O documento continua detalhando que “o perfil, as sólidas competências e o conhecimento profundo do setor por parte de Alexandra Reis foram os motivos apontados pelos então governantes para esta escolha”. E refere que “não existiu qualquer pressão ou intervenção política por parte das tutelas da NAV, tendo Alexandra Reis rejeitado que tenha existido interferência do Governo na gestão corrente da empresa, durante os cincos meses no exercício de funções”.
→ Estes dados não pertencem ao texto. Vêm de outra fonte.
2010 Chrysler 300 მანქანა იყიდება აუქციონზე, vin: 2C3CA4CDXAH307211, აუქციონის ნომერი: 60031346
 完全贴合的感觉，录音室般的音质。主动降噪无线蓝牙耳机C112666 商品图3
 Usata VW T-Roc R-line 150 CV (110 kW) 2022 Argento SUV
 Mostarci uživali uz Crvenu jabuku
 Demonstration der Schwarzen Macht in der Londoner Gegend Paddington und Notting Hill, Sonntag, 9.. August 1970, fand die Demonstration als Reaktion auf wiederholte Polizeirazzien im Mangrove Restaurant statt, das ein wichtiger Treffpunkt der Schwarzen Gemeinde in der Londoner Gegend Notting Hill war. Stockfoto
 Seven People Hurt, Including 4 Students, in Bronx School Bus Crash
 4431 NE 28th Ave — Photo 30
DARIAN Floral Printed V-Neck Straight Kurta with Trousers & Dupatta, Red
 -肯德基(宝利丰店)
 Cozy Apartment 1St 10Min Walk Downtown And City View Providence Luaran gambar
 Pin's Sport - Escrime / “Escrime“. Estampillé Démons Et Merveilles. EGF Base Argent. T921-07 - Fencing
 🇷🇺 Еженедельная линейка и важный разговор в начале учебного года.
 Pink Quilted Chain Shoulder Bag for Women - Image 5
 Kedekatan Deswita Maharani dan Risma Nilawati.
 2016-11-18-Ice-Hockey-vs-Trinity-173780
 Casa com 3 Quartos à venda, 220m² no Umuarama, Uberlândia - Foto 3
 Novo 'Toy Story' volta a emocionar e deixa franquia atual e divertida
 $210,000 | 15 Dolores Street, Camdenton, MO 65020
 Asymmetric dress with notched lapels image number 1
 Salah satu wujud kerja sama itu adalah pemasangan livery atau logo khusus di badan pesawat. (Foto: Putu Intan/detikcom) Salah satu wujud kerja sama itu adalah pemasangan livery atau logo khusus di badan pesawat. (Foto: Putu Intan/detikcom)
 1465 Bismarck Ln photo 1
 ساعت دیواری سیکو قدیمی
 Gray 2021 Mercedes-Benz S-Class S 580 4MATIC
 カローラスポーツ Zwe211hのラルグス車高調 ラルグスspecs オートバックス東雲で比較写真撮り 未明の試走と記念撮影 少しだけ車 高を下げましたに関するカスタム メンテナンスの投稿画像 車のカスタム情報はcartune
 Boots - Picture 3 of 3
Os 55 milhões a David Neeleman

E se a indemnização de Alexandra Reis deu pano para mangas, a do ex-acionista David Neeleman, no valor de 55 milhões de euros, também foi tema. Mas não há consenso quanto à obrigação de os valores a pagar. “O valor alcançado resulta de uma negociação até um ponto de entendimento entre as partes. Porém a existência de uma obrigação de pagamento a David Neeleman não foi amplamente consensual, sobretudo num contexto de alguma incerteza jurídica sobre os termos em que foi realizada a privatização em 2015, com recuso ao mecanismo ‘Fundos Airbus’”, lê-se no documento que recorda o processo de privatização da TAP. “Após uma negociação difícil com os acionistas privados, num processo intermediado por consultores externos, foi possível obter um acordo, nos termos do qual o Estado passa a deter 72,5% do capital social [da TAP] e os respetivos direitos económicos”. E, como contrapartida, “o Estado teve de pagar o valor de 55 milhões a David Neeleman”, montante resultante de um acordo, “cujas componentes estão devidamente discriminadas” no decreto-lei de 16 de julho”. “Acresce que, nesse acordo, Neeleman aceitou abdicar de qualquer litigância no futuro, condição relevante para a negociação do Plano de Reestruturação com Bruxelas”.

Reestruturação

O processo de reestruturação da companhia aérea levou à redução de trabalhadores, o que trouxe problemas. “O plano de reestruturação teve também impactos negativos sobre os trabalhadores. Desde logo, e após suspensão dos acordos coletivos de trabalho, foram celebrados entre a TAP e todos os sindicatos Acordos Temporários de Emergência”, diz o relatório que acrescenta que estes acordos “foram vistos pelos sindicatos como acordos defensivos para salvaguardar postos de trabalho, tendo sido aceites cortes salariais entre 20% a 50%”. E que “tal não impediu, todavia, uma forte redução do número de efetivos por via de mecanismos como a não renovação de contratos a termos, rescisões por acordo e despedimentos coletivos”.

Fundos airbus

O relatório fala ainda sobre o recurso aos chamados “Fundos Airbus”, pagos pelo fabricante europeu a David Neeleman no âmbito do negócio de renovação da frota, e que o empresário usou para capitalizar a TAP na privatização em 2015. E diz que tanto a proposta vinculativa como a final para comprar 61% da TAP “são omissas em relação ao mecanismo de capitalização que só mais tarde viria a ser conhecido como ‘Fundos Airbus’”. Só depois, meses mais tarde, foi explicada a origem do dinheiro que foi aplicado para a compra da TAP.

“A capitalização da TAP far-se-ia com a VDR assinada a 24 de junho, com recurso a capitais próprios das empresas constituintes da Atlantic Gateway (conforme confirmado em carta assinada pelos acionistas, com a mesma data) – o que, na verdade, não se verificou”, diz.